(634d) Enhanced Protein Refolding and Purification From Inclusion Bodies with Like-Charged Ion-Exchange Resin

Authors: 
Wang, G., Tianjin University


Protein refolding is a crucial step in the production of therapeutic proteins expressed in bacteria as inclusion bodies. In vitro protein refolding is severely impeded by the aggregation of folding intermediates during the folding process, so inhibition of the aggregation is the most effective approach to high-efficiency protein refolding.

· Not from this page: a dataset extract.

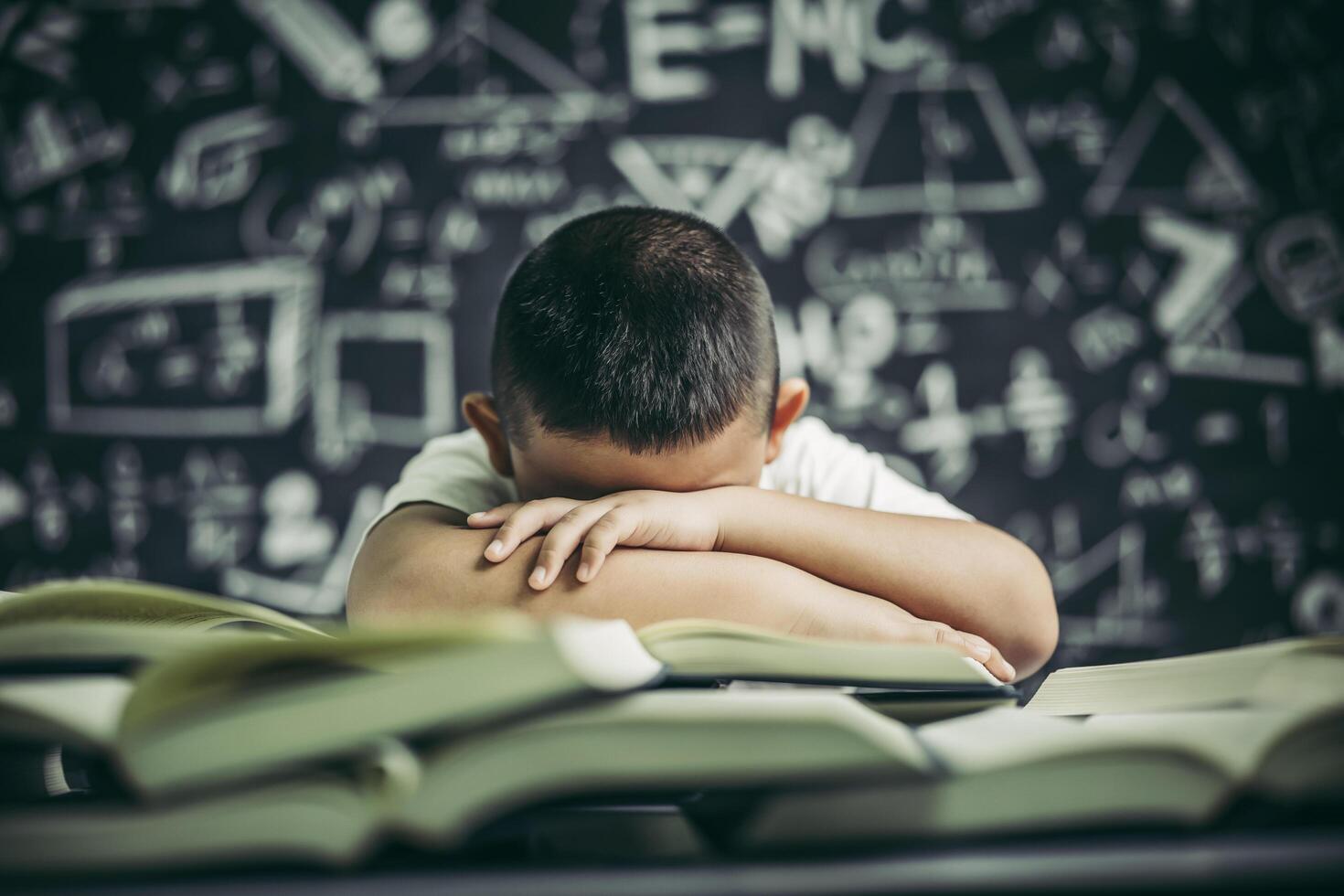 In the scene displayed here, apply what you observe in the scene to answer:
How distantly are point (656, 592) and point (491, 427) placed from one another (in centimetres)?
28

We have found that electrostatic repulsion between the protein to be refolded and like-charged ion exchange resins can greatly suppress the aggregation of folding intermediates, leading to the significant increase of native protein recovery [1]. This finding has been extensively demonstrated with three aggregation-prone proteins, lysozyme, bovine serum albumin (BSA) and bovine carbonic anhydrase II, and four kinds of ion-exchange resins when the protein and ion-exchange gel were either positively or negatively charged at the refolding conditions. It is remarkable that the enhancing effect was significant at very high protein concentrations. The working mechanism of the like-charged resin is considered due to the charge repulsion that could induce oriented alignment of protein molecules near the charged surface, leading to the significant decrease of intermolecular protein attraction [1].
    The refolding method with like-charged ion exchangers is simple to perform, and the key material (ion-exchange resin) is easy to separate for recycling. Moreover, because ion exchangers can work as adsorbents of oppositely charged impurities, an operation of simultaneous protein refolding and purification is possible. This was demonstrated by the refolding of recombinant proteins, such as enhanced green fluorescent protein (EGFP), expressed as inclusion bodies in E. coli. Compared with refolding without an ion exchange resin, the refolding yield of negatively charge EGFP was about two-fold increased by refolding with like-charged SP Sepharose FF as an additive. Moreover, impurities in the solubilized and denatured protein solution were partially adsorbed onto the adsorbent particles, so purification of the target protein was simultaneously achieved during the refolding process. This proved that the method of protein refolding with like-charged ion-exchange resin is promising for preparative refolding and purification of valuable proteins expressed in bacteria as inclusion bodies.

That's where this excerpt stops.